**Instructions for the task:**
Copy, word for word, the line containing "12 м Угловой" and each line that follows it in the entries below; pictures do not belong in the copy.

::: The data

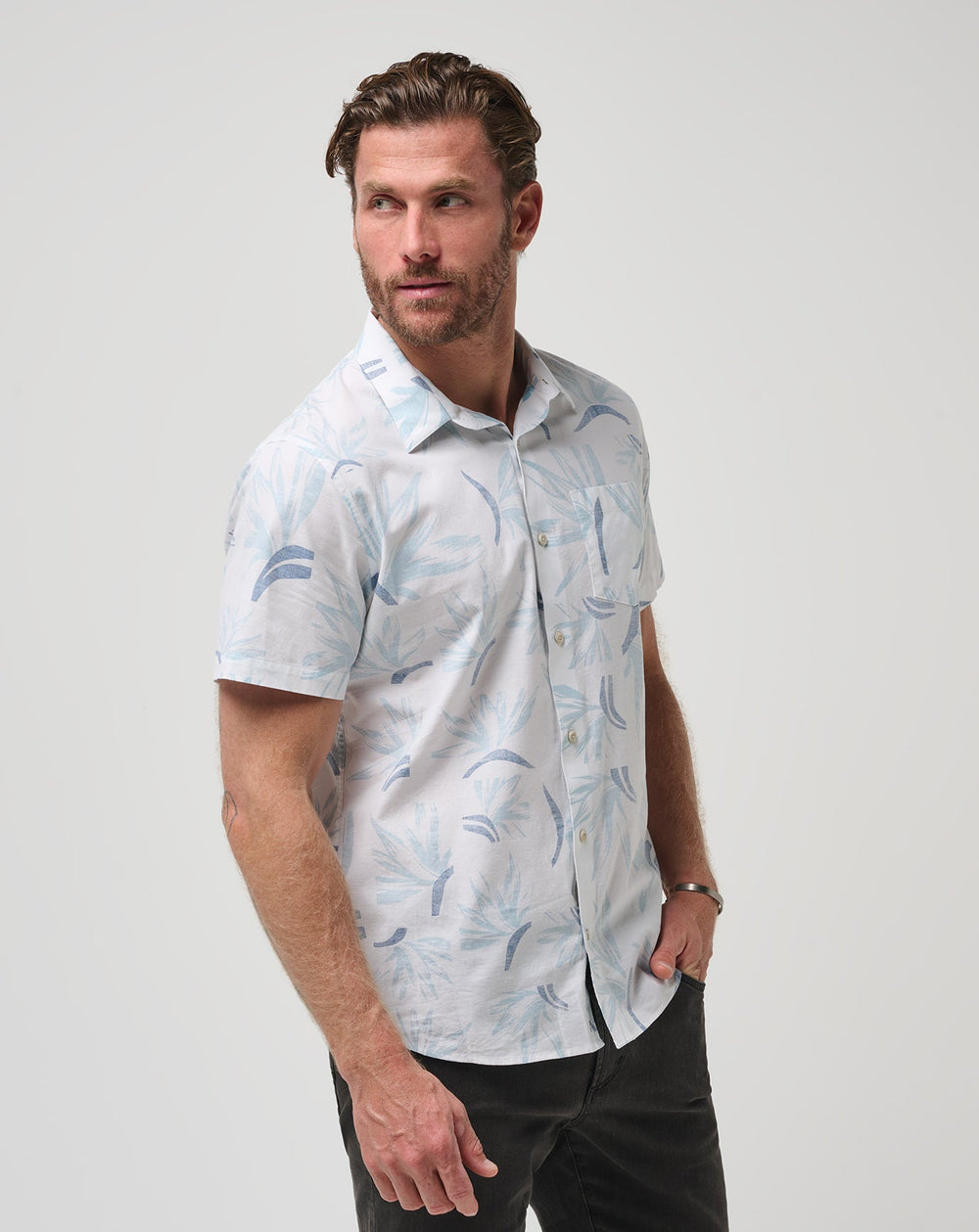 White/Quiet Harbor Travis Mathew The Thick Of It Button-Up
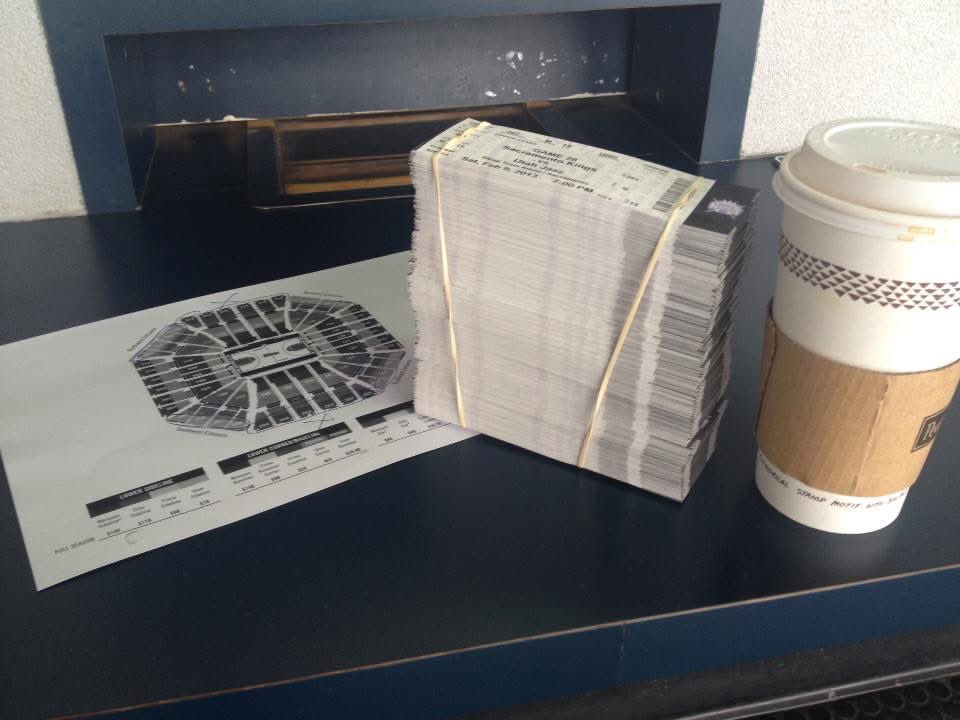 kfippin's tweet photo. 13 years ago I bought 626 tickets to a Kings game.
#HereWeBuy https://t.co/zQZC9lP22y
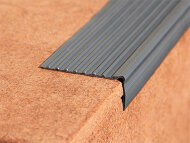 Угловой резиновый профиль противоскользящий Евроступень У-50 серый 12 м Угловой резиновый профиль противоскользящий Евроступень У-50 серый 12 м
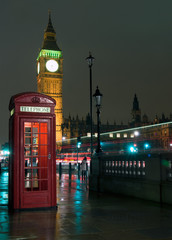 Fototapeta na wymiar Budka telefoniczna Red i Big Ben w nocy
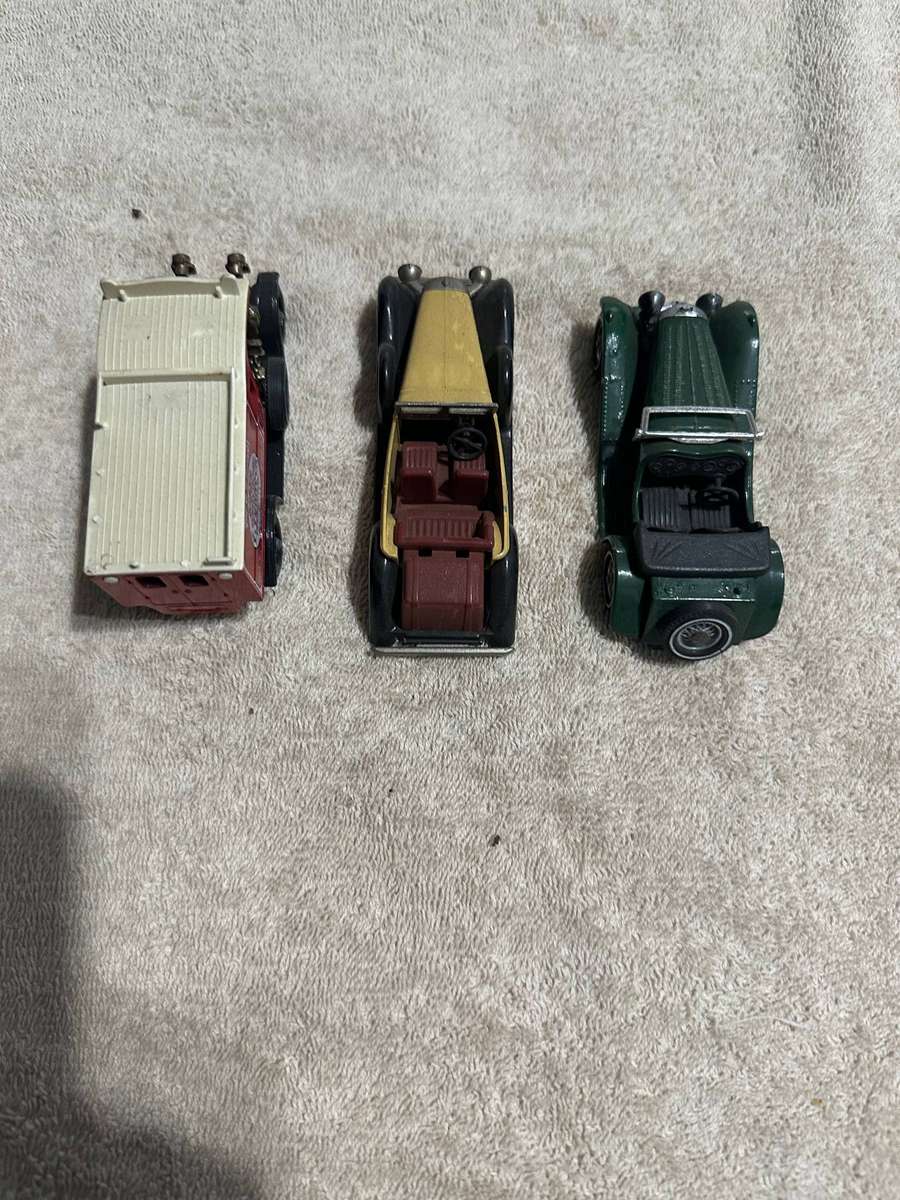 MATCHBOX TOYS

::::::

**Result for this exercise:**
 Угловой резиновый профиль противоскользящий Евроступень У-50 серый 12 м Угловой резиновый профиль противоскользящий Евроступень У-50 серый 12 м
 Fototapeta na wymiar Budka telefoniczna Red i Big Ben w nocy
 MATCHBOX TOYS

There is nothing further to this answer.